Required Software: MPlus (order the full version, try the free demo version)

"Mediation and Moderation"

Dr. Mark Gavin, West Virginia University

Course Description
Mediators and moderators are pervasive in organizational research. As theoretical frameworks advance, the specification and testing of mechanisms (or mediators) through which the effects of one variable on another are transmitted has become a central concern. Another primary concern of theory development is the specification and testing of boundary conditions (or moderators) that affect the nature (significance, magnitude and/or direction) of the relationship between variables. More recently there has been increased attention on the theoretical specification of models that incorporate both mediation and moderation, facilitated in no small part by advancements made in the analytical approaches for testing such effects. This course will provide an overview of the conceptual, methodological and statistical issues surrounding the investigation of mediators and moderators, as well as their combined dynamics. The short course will feature both lecture and hands-on components, including analytical demonstrations and exercises that focus on the testing (primarily using SPSS) of these effects.

Required Software: SPSS (free trial version)

"Introduction to Multilevel Analysis"

Dr. James LeBreton, Pennsylvania State University

Course Description
This course is aimed at faculty and students who are relatively new to multilevel theory, measurement, and analysis. It will review basic issues associated with the development and testing of multilevel theories. Although the focus will be on issues pertaining to multilevel theory and measurement (e.g., multilevel constructs, multilevel construct validation, aggregation and composition models), we will also discuss general issues associated multilevel analysis. Examples will be presented and discussed using both SPSS and HLM. The R package will be introduced, explained, and emphasized during this short course in preparation for the advanced short course in Session II. Specific topics will include:

  • Module 1: Multilevel Theory: Constructs, Inferences, and Composition Models
  • Module 2: Multilevel Measurement: Aggregation, Aggregation Bias, & Cross-Level Inference
  • Module 3: Multilevel Measurement: Estimating Interrater Agreement & Reliability
    • Examples using SPSS Software
  • Module 4: Multilevel Measurement and Multilevel Modeling: A Simple Illustration of Analyzing Composite Variables in Hierarchical Linear Models
    • Examples using SPSS, HLM, and R Software
  • Module 5: Wrap up and Final Q & A

Required Software: R ( download here ), SPSS ( free trial version ), HLM ( student version ),

"Introduction to R"

Dr. Scott Tonidandel, Davidson College

Course Description
This course will provide a gentle introduction to the R computing platform and the R-Studio interface. We will cover the basics of R such as importing and exporting data, understanding R data structures, and R packages. You will also learn strategies for data manipulation within R (compute, recode, selecting cases, etc.) and best practices for data management. We will work through examples of how to conduct basic statistical analyses in R (descriptive, correlation, regression, T-test, ANOVA) and graph those results. Finally, we will explore user-defined functions in R and lay the groundwork for understanding how to perform more complex analyses presented in later CARMA short courses.
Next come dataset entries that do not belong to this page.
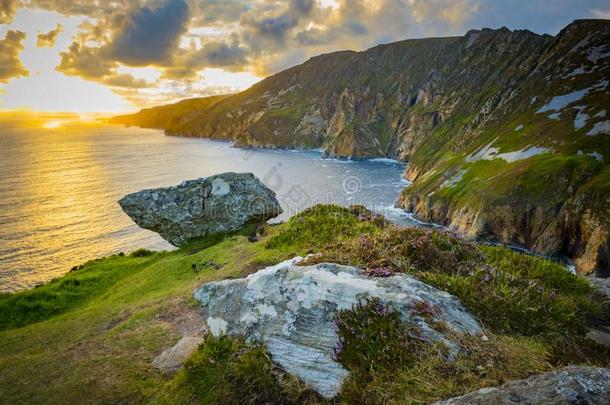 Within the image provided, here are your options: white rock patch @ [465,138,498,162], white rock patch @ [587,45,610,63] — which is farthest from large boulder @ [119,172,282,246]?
white rock patch @ [587,45,610,63]

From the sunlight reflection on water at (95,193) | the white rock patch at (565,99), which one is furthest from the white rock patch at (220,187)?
the white rock patch at (565,99)

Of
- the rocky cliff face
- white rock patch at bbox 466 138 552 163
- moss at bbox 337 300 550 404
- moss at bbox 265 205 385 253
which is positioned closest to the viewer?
moss at bbox 337 300 550 404

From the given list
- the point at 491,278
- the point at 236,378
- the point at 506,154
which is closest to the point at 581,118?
the point at 506,154

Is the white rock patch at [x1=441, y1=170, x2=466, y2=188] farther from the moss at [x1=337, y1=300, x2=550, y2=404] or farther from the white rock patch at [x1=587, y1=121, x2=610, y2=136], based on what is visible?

Required Software: R (download here)

“Meta-Analysis and Systematic Reviews”

Dr. Michael McDaniel, Virginia Commonwealth University

Course Description
This course provides the participant with knowledge concerning the major meta-analysis models used in research in organizational science and other sciences. The course also details all steps in conducting a systematic review. Thus, this course is not solely a statistics/methods course but provides the participant with knowledge needed to conduct a meta-analysis and systematic review consistent with the Meta-Analysis Reporting Standards (MARS). Free software is made available to the participants and hands-on practice in the software is incorporated into the course. The course also addresses emerging topics in meta-analysis and systematic reviews including a detailed treatment of publication bias.
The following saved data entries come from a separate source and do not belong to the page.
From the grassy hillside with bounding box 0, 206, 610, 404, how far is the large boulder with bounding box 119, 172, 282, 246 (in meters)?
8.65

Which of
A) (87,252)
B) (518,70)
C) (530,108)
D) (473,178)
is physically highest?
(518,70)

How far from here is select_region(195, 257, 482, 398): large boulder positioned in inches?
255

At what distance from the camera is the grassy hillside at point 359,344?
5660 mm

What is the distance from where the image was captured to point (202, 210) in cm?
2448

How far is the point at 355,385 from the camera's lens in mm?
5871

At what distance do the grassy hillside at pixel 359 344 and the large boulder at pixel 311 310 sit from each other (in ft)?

Required Software: R, RStudio *Note: Install R before installing RStudio*

"Introduction to Longitudinal Data Analysis "

Lisa Schurer Lambert, Georgia State University

Course Description
Much of organizational research is arguably about causal processes of change even as many theories and analyses of change are deficient in the extent to which they specify or test temporal changes. There are many different approaches for measuring change. Each approach embodies a set of assumptions about what change is, what constitutes evidence of change, and some methods are oblivious to evidence of other types of change. This workshop is an introduction to longitudinal analyses.
We will cover how to properly specify a theory regarding change over time and discuss designs for collecting longitudinal data, as well as examine the critical role of measurement and construct validity in longitudinal data. The focus will be on multiple approaches for analyzing longitudinal data. Approaches covered in this workshop include using unconditional change scores and static scores, panel models and repeated measures ANOVA and MANOVA. Newer approaches including, latent growth modeling and random coefficient modeling, will be introduced. The emphasis will be on hands on learning with longitudinal data sets.
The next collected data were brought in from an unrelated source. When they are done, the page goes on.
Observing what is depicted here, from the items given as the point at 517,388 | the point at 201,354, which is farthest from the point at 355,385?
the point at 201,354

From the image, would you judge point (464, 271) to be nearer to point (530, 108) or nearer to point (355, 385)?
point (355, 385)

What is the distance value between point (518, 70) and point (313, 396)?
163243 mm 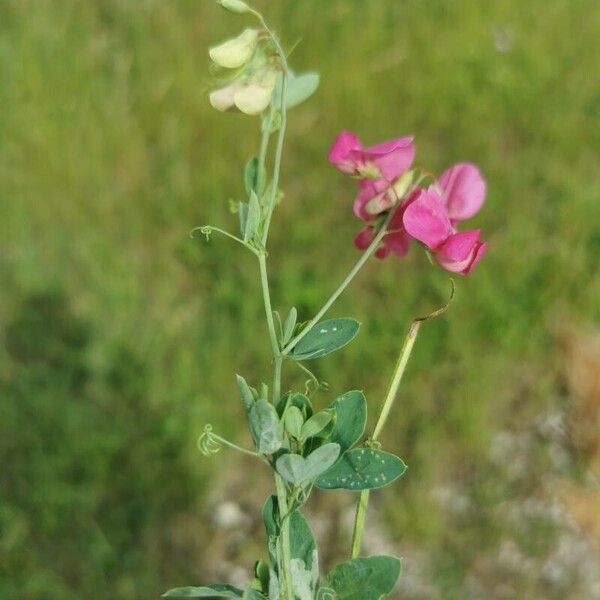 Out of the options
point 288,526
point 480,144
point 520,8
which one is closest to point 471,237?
point 288,526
Required Software: SPSS (download free trial) and LISREL (order the full version, request free trial*you must contact the developer, SSI, in order to receive your free trial.* *This process can take 1-2 business days.* *The LISREL free student version will not be suitable for this course.*)

Session 2: June 9-11, Seven Courses

“Intermediate SEM: Model Evaluation"

Dr. Larry J Williams, Wayne State University

Course Description
This course is aimed at faculty and students with an introductory understanding of structural equation methods who seek a better understanding of the challenging process of making judgments about the adequacy of their models. Those who attend should have experience in fitting structural equation models with software such as LISREL, MPlus, EQS, or AMOS. This experience requirement can be met by completion of the Introduction to SEM Short Course. Attendees will be expected to bring their own laptop computers installed with their SEM software, and they should also know how to import data from an SPSS save file into their SEM software program. Attendees will learn out to interpret and report results from SEM analyses, and how to conduct model comparisons to obtain information relevant to inferences about their models, as well as advantages and disadvantages of different approaches to model evaluation. Attendees are encouraged to bring their own data for use during parts of the short course.

The course will consist of five sections, with each section having a lecture and lab component using exercises and data provided by the instructor:
• Review of model specification and parameter estimation
• Overview of model evaluation
• Logic and computations for goodness-of-fit measures
• Analysis of residuals and latent variables
• Model comparison strategies

Required Software: Your preferred SEM software package, SPSS (free trial version)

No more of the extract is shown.